# Got the A-Maze-N smoker for Xmas!



## coyote-1 (Dec 21, 2010)

Well I didn't actually 'get' it yet. I just happened to be the one at home when the UPS guy rang the doorbell  :)   Anyway it's here.... so sometime in January, I'll be cold-smoking something. Maybe some cheese, maybe some fish. We'll see.


----------



## pineywoods (Dec 21, 2010)

Very cool congrats


----------



## scarbelly (Dec 21, 2010)

You are going to love it.
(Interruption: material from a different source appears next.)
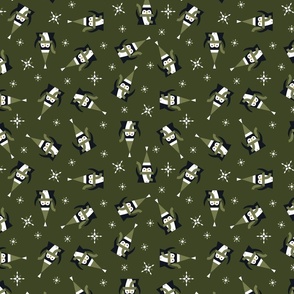 Penguins, snowflakes in olive greens and black 100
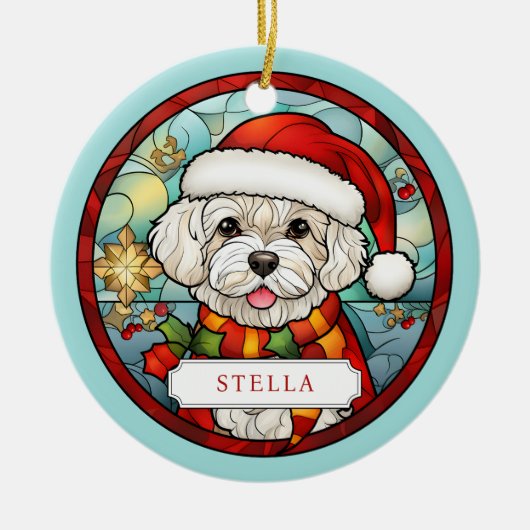 Bichon Frise keramische cirkel Ornament (Voorkant)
Lots of great food with that baby for sure


----------



## fpnmf (Dec 21, 2010)

Yaaaaaaaaa!

 I love mine.


----------



## dale5351 (Dec 21, 2010)

IMO, it is the only way to go for smoked cheese.


----------



## chefrob (Dec 21, 2010)

very cool...............congrats!


----------



## jirodriguez (Dec 21, 2010)

Grats!


----------



## smokeamotive (Dec 21, 2010)

Congats, Just broke mine in yesterday.


----------



## beer-b-q (Dec 21, 2010)

Congratulations on the SURPRISE gift...LOL


----------



## wingman (Dec 21, 2010)

There is a Santa!


----------



## flyweed (Dec 21, 2010)

YAHOOO....I just got mine too!  I got a 6 x 8 Amaze n smoker..with 5 lbs of cherry dust, 1 pound of nectarine dust, and 1 pound of hickory.

Can't wait to try it out.

Dan


----------



## tjohnson (Dec 22, 2010)

Why Wait?

Start now and you'll have a batch of cheese ready in 10 days.  Then, do another batch and so on and so on.............

Remember, cheese takes 10 days to 2 weeks to mellow in the fridge, after it's smoked.

Have Fun!

Todd


----------



## coyote-1 (Dec 22, 2010)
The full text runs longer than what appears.